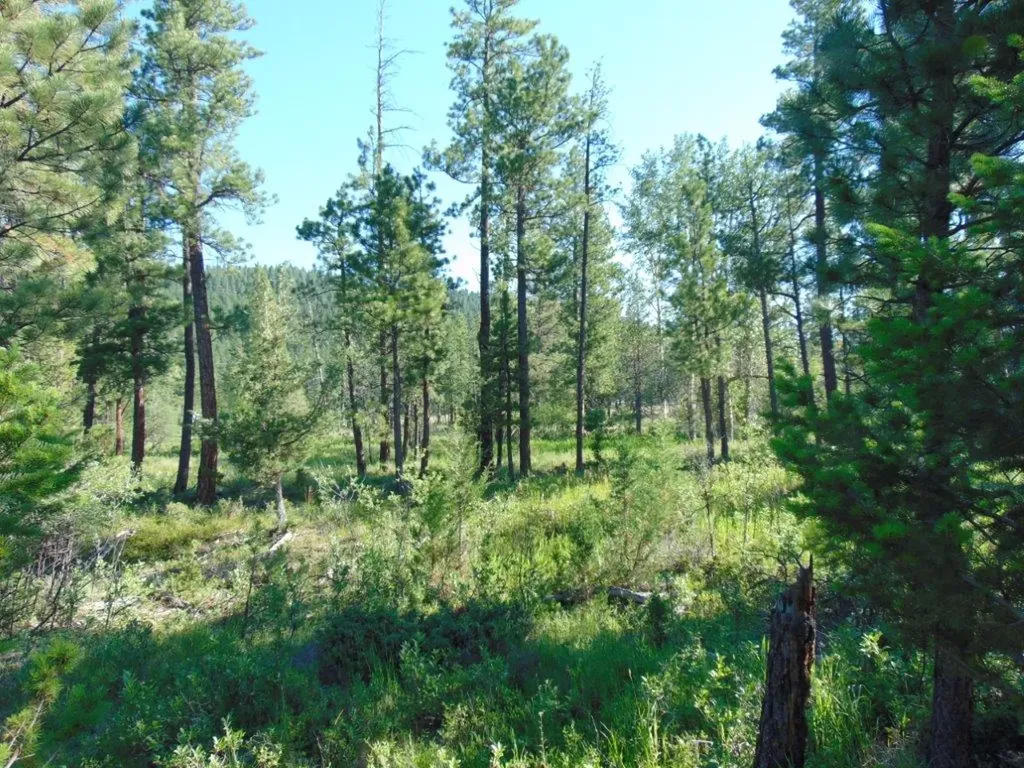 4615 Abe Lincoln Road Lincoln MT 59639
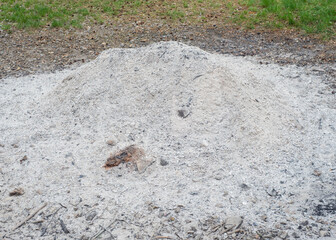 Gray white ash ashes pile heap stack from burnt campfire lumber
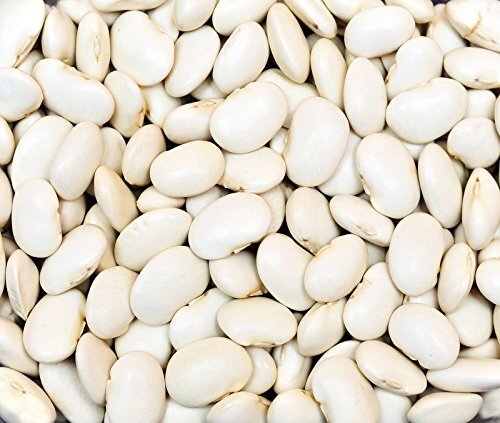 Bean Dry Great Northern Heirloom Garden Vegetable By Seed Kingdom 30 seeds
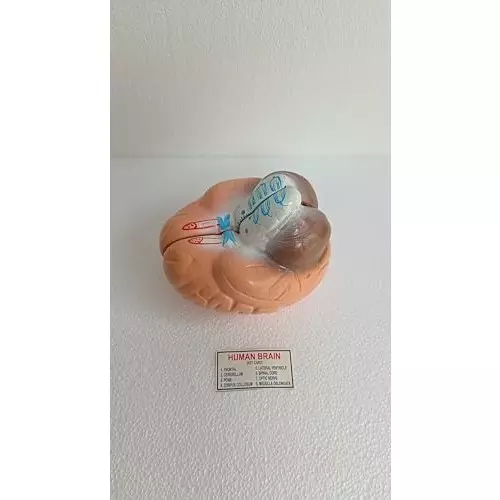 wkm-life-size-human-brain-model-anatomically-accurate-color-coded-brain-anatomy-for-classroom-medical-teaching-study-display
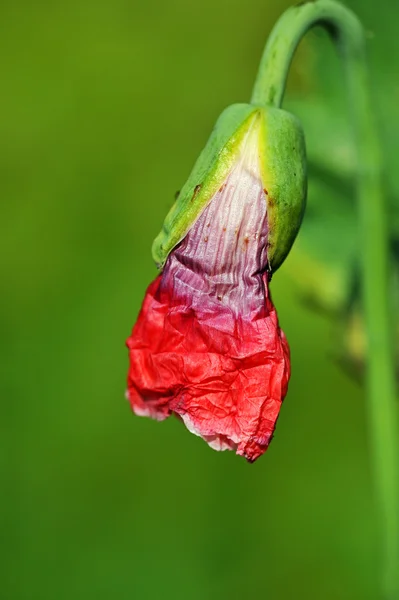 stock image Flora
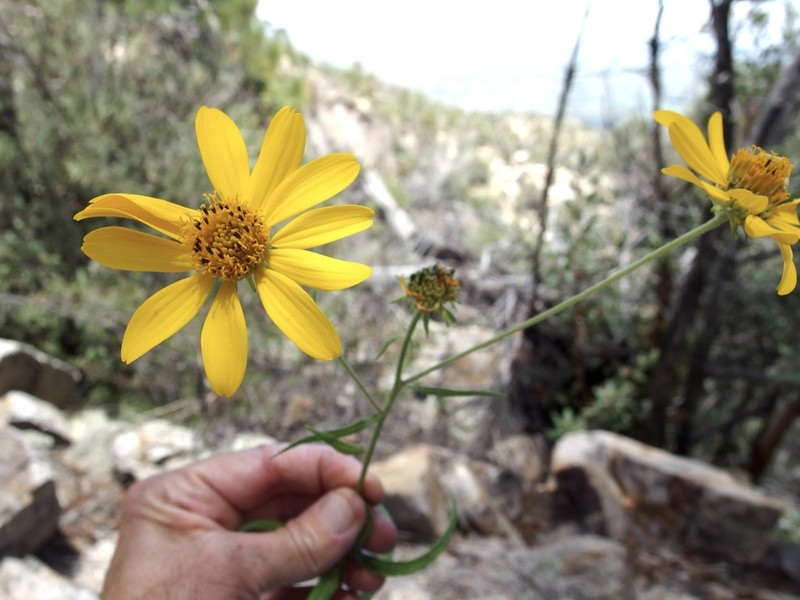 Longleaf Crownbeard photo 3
----
Quote, word for word and nothing more, every line from the line with "Bean Dry Great" to the end of the entries, including both ends; skip any pictures.

 Bean Dry Great Northern Heirloom Garden Vegetable By Seed Kingdom 30 seeds
 wkm-life-size-human-brain-model-anatomically-accurate-color-coded-brain-anatomy-for-classroom-medical-teaching-study-display
 stock image Flora
 Longleaf Crownbeard photo 3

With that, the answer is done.